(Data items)

════

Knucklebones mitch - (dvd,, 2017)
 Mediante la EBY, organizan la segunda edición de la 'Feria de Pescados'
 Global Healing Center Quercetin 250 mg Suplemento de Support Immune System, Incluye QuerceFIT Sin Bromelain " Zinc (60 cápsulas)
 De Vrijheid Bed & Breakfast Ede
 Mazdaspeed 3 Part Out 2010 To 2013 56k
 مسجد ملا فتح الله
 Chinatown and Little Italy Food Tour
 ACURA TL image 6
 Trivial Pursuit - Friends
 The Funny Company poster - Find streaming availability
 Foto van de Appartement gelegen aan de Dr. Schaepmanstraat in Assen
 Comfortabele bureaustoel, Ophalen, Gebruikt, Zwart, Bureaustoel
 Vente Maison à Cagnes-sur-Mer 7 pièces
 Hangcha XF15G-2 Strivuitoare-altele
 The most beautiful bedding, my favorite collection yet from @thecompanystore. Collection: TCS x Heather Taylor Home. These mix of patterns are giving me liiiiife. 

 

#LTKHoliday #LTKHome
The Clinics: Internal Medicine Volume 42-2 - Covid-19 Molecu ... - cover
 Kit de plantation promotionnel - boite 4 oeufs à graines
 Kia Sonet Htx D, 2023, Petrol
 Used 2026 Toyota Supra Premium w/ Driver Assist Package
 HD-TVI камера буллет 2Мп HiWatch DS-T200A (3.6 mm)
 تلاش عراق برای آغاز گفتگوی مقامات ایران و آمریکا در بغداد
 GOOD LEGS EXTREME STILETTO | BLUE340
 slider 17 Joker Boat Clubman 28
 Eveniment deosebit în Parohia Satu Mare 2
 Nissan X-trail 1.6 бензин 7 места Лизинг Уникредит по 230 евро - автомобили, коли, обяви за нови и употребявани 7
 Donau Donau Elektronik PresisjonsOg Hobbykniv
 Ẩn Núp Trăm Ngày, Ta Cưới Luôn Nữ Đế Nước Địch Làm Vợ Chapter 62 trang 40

════

What is needed. Take the entries above and write them out again unchanged.

Solution below.
Knucklebones mitch - (dvd,, 2017)
 Mediante la EBY, organizan la segunda edición de la 'Feria de Pescados'
 Global Healing Center Quercetin 250 mg Suplemento de Support Immune System, Incluye QuerceFIT Sin Bromelain " Zinc (60 cápsulas)
 De Vrijheid Bed & Breakfast Ede
 Mazdaspeed 3 Part Out 2010 To 2013 56k
 مسجد ملا فتح الله
 Chinatown and Little Italy Food Tour
 ACURA TL image 6
 Trivial Pursuit - Friends
 The Funny Company poster - Find streaming availability
 Foto van de Appartement gelegen aan de Dr. Schaepmanstraat in Assen
 Comfortabele bureaustoel, Ophalen, Gebruikt, Zwart, Bureaustoel
 Vente Maison à Cagnes-sur-Mer 7 pièces
 Hangcha XF15G-2 Strivuitoare-altele
 The most beautiful bedding, my favorite collection yet from @thecompanystore. Collection: TCS x Heather Taylor Home. These mix of patterns are giving me liiiiife. 

 

#LTKHoliday #LTKHome
The Clinics: Internal Medicine Volume 42-2 - Covid-19 Molecu ... - cover
 Kit de plantation promotionnel - boite 4 oeufs à graines
 Kia Sonet Htx D, 2023, Petrol
 Used 2026 Toyota Supra Premium w/ Driver Assist Package
 HD-TVI камера буллет 2Мп HiWatch DS-T200A (3.6 mm)
 تلاش عراق برای آغاز گفتگوی مقامات ایران و آمریکا در بغداد
 GOOD LEGS EXTREME STILETTO | BLUE340
 slider 17 Joker Boat Clubman 28
 Eveniment deosebit în Parohia Satu Mare 2
 Nissan X-trail 1.6 бензин 7 места Лизинг Уникредит по 230 евро - автомобили, коли, обяви за нови и употребявани 7
 Donau Donau Elektronik PresisjonsOg Hobbykniv
 Ẩn Núp Trăm Ngày, Ta Cưới Luôn Nữ Đế Nước Địch Làm Vợ Chapter 62 trang 40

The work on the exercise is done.